Dr. Kenneth Rowe has recently retired as Professor of Church History and Senior Librarian of the Methodist Archives and History Center at Drew University in Madison, New Jersey. He received a doctorate from Drew University and a M.L.S. from Rutgers, The State University. Member of American Academy of Religion, American Society of Church History, American Theological Library Association and many other organizations. Co-editor of Perspectives on American Methodism (1993) and The Methodist Experience in America (2000).

Dr. Laurel C. Schneider is Associate Professor of Theology, Ethics and Culture at Chicago Theological Seminary. Her teaching areas include: constructive proposals in theology; feminism and postmodernism; the relationships between theological ideas and social organization; queer theory and its intersections with multicultural feminist and womanist approaches to ethics and theology. She is author of Re-Imagining the Divine: Confronting the Backlash Against Feminist Theology (Pilgrim Press) and Revelations: Divine Multiplicity in a World of Difference (Routledge, forthcoming).
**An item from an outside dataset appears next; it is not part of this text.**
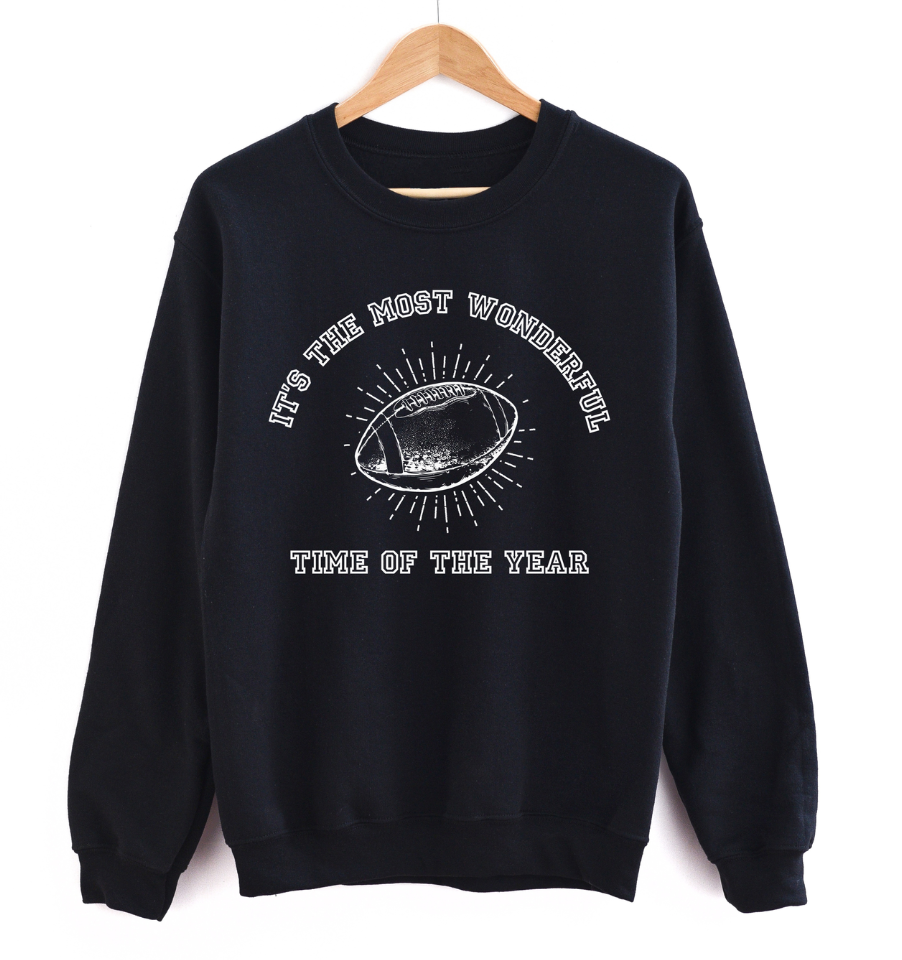 'MOST WONDERFUL TIME OF THE YEAR' FOOTBALL UNISEX PULLOVER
Rev. Dr. Emilie M. Townes is the Carolyn Williams Beaird Professor of Christian Ethics at Union Theological Seminary in New York City and an American Baptist clergy. She is the author of several books and is currently engaged in study of structural evil.

Dr. Heather R. White is a scholar of American religious history with a Ph.D. in religion from Princeton University. Her doctoral thesis investigates the histories of lesbian and gay communities in the U.S. and the influential support of liberal Protestant leaders for the early gay rights movement from the post-war period through 1980. Heather's book based upon this research is (tentatively) titled Mainline Protestants and the Rise of Gay Rights.

Dr. Melissa M. Wilcox is a sociologist and historian of religion who specializes in gender studies and sexuality studies. She is author of Coming Out in Christianity: Religion, Identity, and Community (Indiana University Press, 2003) and co-editor of Sexuality and the World's Religions (ABC-CLIO, 2003); she has also written numerous articles on LGBT studies in religion. She is currently working on a new book, tentatively entitled Spirituality and Sex in the City: L.A. Identities in Practice and Theory, which focuses on the spiritual and religious identities of lesbian, bisexual, and transgender women in Los Angeles. Dr. Wilcox teaches in the Religion Department and Gender Studies program at Whitman College in Washington State.

Rev. Dr. D. Mark Wilson, an ordained American Baptist minister, is the Assistant Professor in Ministry and Congregational Leadership at the Pacific School of Religion (Berkeley, California) and a Lecturer in the Department of Sociology, at UC Berkeley. Formerly pastor of of McGee Avenue Baptist Church in Berkeley, Wilson is a graduate of Howard University, Harvard Divinity School and the University of Michigan, where he received his Ph.D. in Sociology.